Educational Preparation (BSN versus ADN)
In line with the IOM’s recommendation for nurses to engage in lifelong education and goal for increasing the number of nurses with Baccalaureate degree to over 80% by the year 2020, many contemporary nurses (45%) have completed or are actively pursuing the BSN option(Kutney-Lee, Sloane, & Aiken, 2013). Regardless of this trend, a significant proportion of nurses that hold an Associate degree in nursing (ADN) exist. As such, understanding the level of competence of both the BSNs and ADNs is necessary for the proper distinction of the scope of practice. In essence, this paper aims at establishing the differences in competencies between BSNs and ADNs as well as their nursing care or approach to decision making in similar patient care situations. By so doing, a new understanding of the differences between the ADN and BSN is inevitable.

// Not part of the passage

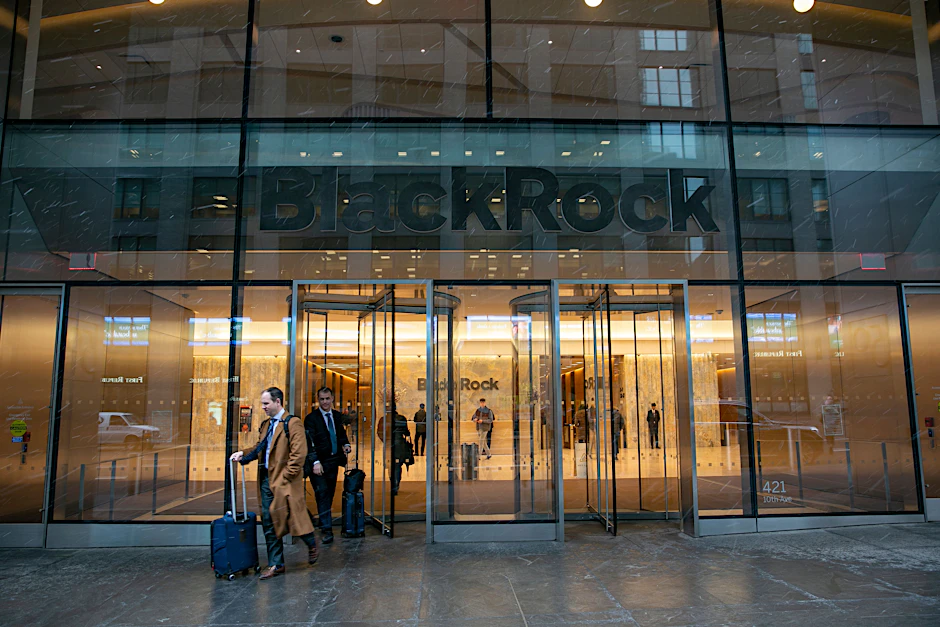 Der Firmensitz von Blackrock in New York City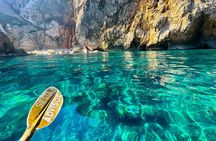 Kayak Paradise: Cala Portixol Snorkel, Cave & Cliff Jumping Tour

Differences in Competencies
Primarily, BSNs and ADNs differ in competency level in a variety of ways that are worth noting. A befitting example of such variation is apparent when detailing the focus of the curriculums of both ADN and BSN prepared nurse. The ADN’s curriculum mainly focuses on the clinical or technical aspect of nursing practice. Such is the case given that ADNs mainly stay in the clinical areas and their educational preparation enables them to perform at a task-oriented level. Contrary to the ADN’s specialization onthe technical aspects of nursing, the BSN curriculum mainly focuses in modeling nurses that are have critical thinking, leadership and research skills. The BSNs integrate nursing theory in their nursing practice, which is necessary for the justification of the nursing strategies adopted (Huston, 2014). Based on the focus of the training curriculums, it is beyond doubt that the level of competence of ADNs and BSNs differ significantly.

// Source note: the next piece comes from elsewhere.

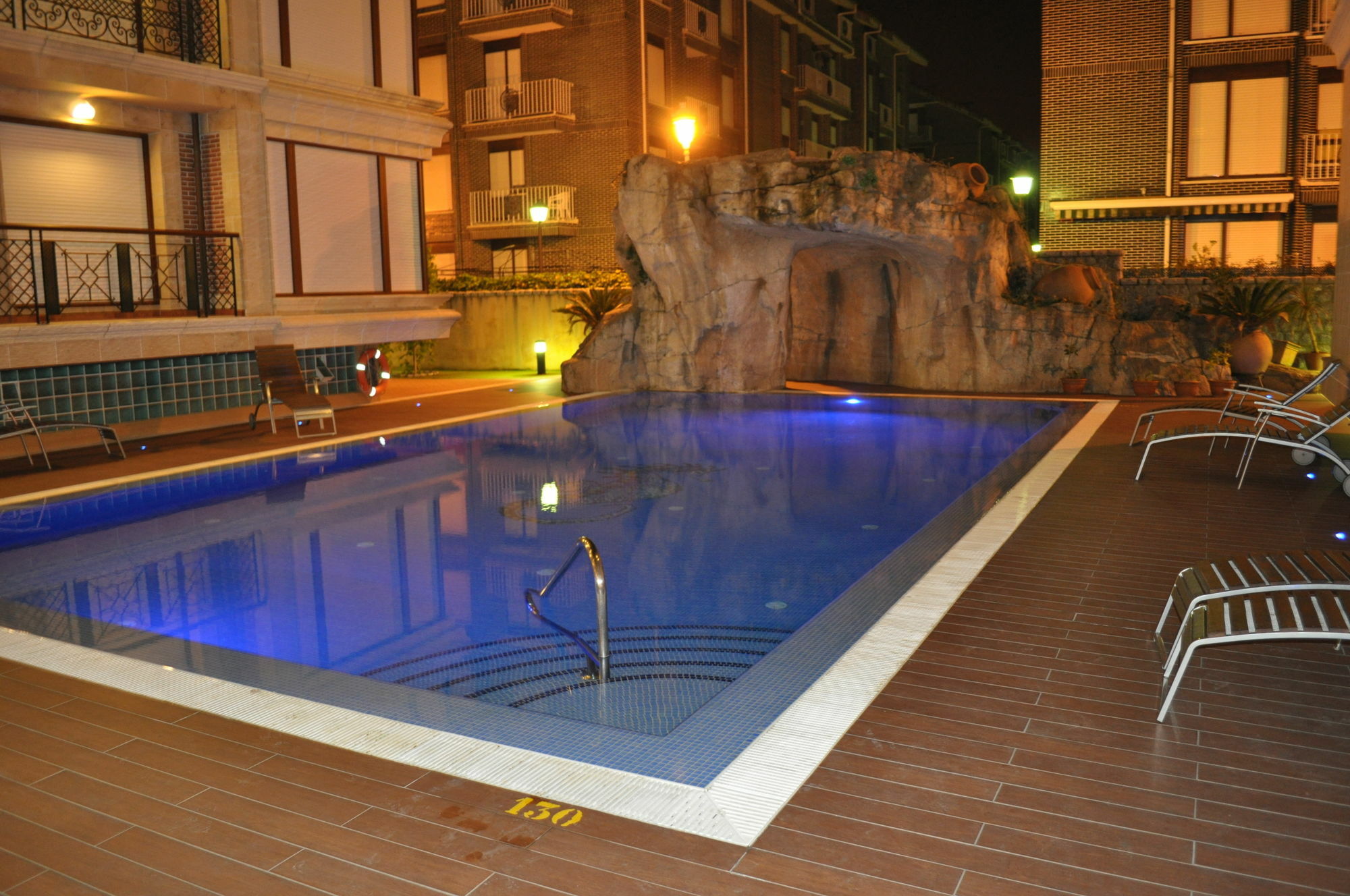 Gran Hotel Liber & Spa Playa Golf Noja Luaran gambar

Notwithstanding, the competence levels of both ADNs and BSNs also differbased on the duration of training for individuals in both degree programs. For instance, the duration for full completion of the ADN program is short (two years) and takes place in a community college while studying of the BSN program lasts four years and in a University. Such a difference in the study period translates to variation in the competency levels. That is for surebecause the BSNs have a more intense program that needs moretime to complete compared to the ADNs’ shorter timeframe for completion(Huston, 2014).
Differences in Nursing Care/Approach to Decision-making
The BSN and ADN-prepared nurses also differ in their approach to similar patient care situations given their variations of the competency levels. A befitting example of a patient care situation that depicts this difference in approach to decision-making relates to the maintenance of patient safety. To this effect, many researchers have carried out studies targeting to establish this phenomenon. For instance, Aiken,Cimiotti, Sloane, Smith, Flynn, and Neff, (2011) in their study found out that there is a link between patient safety outcomes and level of nursing education (ADNs and BSNs). Such is the case given the low mortality rates noted in hospitals with high number of nurses with either an ADN or BSN qualification. More specifically, the study established thathospitals with many BSN-prepared nurses performed much betteras compared to those with many ADN-prepared nurses. Such a finding is due to the approach care adopted by both BSNs and ADNs. Precisely, BSNs employ critical thinking skills and develop superior strategies backed by evidence from research, which enable them to influence the care and safety of patients more significantly. On the other hand, ADNs’ reliance on the technical aspects of nursing makes them unable to impact on the patient safety as the BSNs(Huston,2014). With such an illustration, it is beyond doubt that the ADNs and BSNs approach to decision-making and nursing care varies greatly.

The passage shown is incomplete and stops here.